Task to complete: Check each line of the records below and collect those holding "show".

=== Begin Enclosure ===

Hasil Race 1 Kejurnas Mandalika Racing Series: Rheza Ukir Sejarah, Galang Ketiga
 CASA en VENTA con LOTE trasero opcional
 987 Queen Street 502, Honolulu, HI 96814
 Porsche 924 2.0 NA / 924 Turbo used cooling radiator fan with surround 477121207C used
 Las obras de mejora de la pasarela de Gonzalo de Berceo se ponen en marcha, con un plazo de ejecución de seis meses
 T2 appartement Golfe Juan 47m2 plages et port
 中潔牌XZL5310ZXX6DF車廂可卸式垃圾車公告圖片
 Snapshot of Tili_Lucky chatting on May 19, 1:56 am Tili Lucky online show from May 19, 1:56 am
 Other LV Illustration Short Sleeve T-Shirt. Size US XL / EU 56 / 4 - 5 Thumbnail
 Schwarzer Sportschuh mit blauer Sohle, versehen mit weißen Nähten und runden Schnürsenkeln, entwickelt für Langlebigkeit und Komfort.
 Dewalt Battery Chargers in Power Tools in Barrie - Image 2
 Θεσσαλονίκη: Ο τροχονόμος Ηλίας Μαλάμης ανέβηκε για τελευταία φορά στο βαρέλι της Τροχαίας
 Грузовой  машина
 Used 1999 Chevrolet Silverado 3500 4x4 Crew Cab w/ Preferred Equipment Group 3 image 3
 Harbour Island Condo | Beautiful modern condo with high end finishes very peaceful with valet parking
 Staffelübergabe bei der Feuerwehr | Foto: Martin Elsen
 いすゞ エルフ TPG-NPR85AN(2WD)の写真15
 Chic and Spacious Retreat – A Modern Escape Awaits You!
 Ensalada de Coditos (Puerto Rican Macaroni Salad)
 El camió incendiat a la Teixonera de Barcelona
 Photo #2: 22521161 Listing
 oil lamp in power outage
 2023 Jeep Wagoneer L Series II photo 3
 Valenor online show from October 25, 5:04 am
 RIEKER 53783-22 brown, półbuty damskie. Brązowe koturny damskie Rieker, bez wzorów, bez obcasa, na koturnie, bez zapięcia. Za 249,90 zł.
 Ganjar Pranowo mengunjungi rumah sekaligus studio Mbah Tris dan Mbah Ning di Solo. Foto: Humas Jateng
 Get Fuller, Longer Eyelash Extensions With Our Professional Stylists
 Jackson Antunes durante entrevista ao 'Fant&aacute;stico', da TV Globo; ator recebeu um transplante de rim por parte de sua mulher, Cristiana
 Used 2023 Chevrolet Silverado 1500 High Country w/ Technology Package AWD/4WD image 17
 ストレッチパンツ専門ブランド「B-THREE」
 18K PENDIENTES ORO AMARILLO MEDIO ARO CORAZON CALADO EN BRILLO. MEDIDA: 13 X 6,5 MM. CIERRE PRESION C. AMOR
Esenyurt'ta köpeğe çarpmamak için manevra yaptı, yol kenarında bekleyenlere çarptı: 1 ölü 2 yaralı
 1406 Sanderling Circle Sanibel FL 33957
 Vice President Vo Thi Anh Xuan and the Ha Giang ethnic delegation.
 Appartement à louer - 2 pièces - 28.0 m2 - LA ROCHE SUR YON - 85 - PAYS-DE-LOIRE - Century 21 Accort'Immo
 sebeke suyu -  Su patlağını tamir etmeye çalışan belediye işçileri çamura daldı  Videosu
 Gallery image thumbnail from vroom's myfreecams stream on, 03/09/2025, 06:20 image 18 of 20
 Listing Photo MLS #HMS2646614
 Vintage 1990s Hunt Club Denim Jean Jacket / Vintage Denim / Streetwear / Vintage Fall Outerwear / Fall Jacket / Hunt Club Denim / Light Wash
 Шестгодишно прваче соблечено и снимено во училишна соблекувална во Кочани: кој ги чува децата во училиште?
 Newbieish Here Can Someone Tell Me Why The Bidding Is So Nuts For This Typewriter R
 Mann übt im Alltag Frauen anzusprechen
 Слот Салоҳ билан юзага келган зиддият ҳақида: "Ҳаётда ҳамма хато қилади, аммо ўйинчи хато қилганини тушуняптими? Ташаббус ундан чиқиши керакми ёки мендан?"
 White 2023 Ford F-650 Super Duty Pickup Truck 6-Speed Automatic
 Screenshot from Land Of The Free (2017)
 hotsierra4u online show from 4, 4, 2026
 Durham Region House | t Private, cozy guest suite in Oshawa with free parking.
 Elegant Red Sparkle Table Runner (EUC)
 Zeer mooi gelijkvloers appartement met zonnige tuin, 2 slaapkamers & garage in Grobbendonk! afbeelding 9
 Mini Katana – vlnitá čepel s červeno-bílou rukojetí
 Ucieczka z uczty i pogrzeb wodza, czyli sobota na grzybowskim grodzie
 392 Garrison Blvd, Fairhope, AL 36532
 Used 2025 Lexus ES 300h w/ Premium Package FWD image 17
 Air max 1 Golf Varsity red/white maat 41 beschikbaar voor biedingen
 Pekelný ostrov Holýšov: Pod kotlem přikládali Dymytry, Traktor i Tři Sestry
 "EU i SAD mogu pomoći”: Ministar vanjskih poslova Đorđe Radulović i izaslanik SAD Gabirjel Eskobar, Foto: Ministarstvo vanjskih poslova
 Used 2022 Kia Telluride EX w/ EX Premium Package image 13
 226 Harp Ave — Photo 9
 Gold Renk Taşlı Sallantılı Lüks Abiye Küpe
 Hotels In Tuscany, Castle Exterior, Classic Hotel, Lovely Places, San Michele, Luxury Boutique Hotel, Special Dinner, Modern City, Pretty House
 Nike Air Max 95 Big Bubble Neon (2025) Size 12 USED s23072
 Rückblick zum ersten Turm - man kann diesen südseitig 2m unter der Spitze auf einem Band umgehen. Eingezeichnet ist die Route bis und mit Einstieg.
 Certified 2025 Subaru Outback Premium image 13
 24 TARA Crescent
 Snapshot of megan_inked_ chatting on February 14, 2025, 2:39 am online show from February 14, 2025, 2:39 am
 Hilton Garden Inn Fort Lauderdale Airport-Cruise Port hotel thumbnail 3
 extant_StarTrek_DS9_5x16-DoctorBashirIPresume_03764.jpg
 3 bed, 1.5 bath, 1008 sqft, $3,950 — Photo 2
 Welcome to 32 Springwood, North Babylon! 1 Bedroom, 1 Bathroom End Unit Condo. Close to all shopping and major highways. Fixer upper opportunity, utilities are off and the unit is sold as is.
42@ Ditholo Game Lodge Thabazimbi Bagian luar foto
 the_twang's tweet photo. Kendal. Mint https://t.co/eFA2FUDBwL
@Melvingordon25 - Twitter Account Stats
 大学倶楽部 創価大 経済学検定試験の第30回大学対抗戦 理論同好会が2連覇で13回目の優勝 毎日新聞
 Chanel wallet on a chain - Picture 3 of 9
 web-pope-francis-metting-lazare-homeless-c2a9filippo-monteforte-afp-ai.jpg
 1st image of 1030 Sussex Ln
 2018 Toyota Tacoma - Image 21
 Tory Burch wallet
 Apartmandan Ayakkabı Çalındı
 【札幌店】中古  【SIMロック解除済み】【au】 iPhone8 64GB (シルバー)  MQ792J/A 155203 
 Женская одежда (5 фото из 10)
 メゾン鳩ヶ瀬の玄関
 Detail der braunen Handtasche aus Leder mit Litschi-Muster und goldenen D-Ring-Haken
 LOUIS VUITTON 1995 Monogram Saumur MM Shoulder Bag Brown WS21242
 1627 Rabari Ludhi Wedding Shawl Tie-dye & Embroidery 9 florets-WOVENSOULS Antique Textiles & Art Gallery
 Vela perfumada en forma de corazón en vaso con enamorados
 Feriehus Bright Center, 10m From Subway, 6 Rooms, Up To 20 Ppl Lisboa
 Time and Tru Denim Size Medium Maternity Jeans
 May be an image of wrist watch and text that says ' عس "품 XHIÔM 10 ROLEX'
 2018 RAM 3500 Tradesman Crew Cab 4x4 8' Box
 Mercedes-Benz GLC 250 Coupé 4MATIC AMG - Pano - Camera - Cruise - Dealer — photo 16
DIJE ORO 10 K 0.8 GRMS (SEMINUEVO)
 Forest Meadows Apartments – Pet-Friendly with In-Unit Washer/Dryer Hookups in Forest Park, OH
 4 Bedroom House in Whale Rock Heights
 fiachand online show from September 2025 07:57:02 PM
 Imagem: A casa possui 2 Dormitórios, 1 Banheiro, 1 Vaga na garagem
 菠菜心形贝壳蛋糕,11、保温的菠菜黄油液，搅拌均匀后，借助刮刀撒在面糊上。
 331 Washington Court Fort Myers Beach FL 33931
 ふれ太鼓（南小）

=== End Enclosure ===

Task result:
 Snapshot of Tili_Lucky chatting on May 19, 1:56 am Tili Lucky online show from May 19, 1:56 am
 Valenor online show from October 25, 5:04 am
 hotsierra4u online show from 4, 4, 2026
 Snapshot of megan_inked_ chatting on February 14, 2025, 2:39 am online show from February 14, 2025, 2:39 am
 fiachand online show from September 2025 07:57:02 PM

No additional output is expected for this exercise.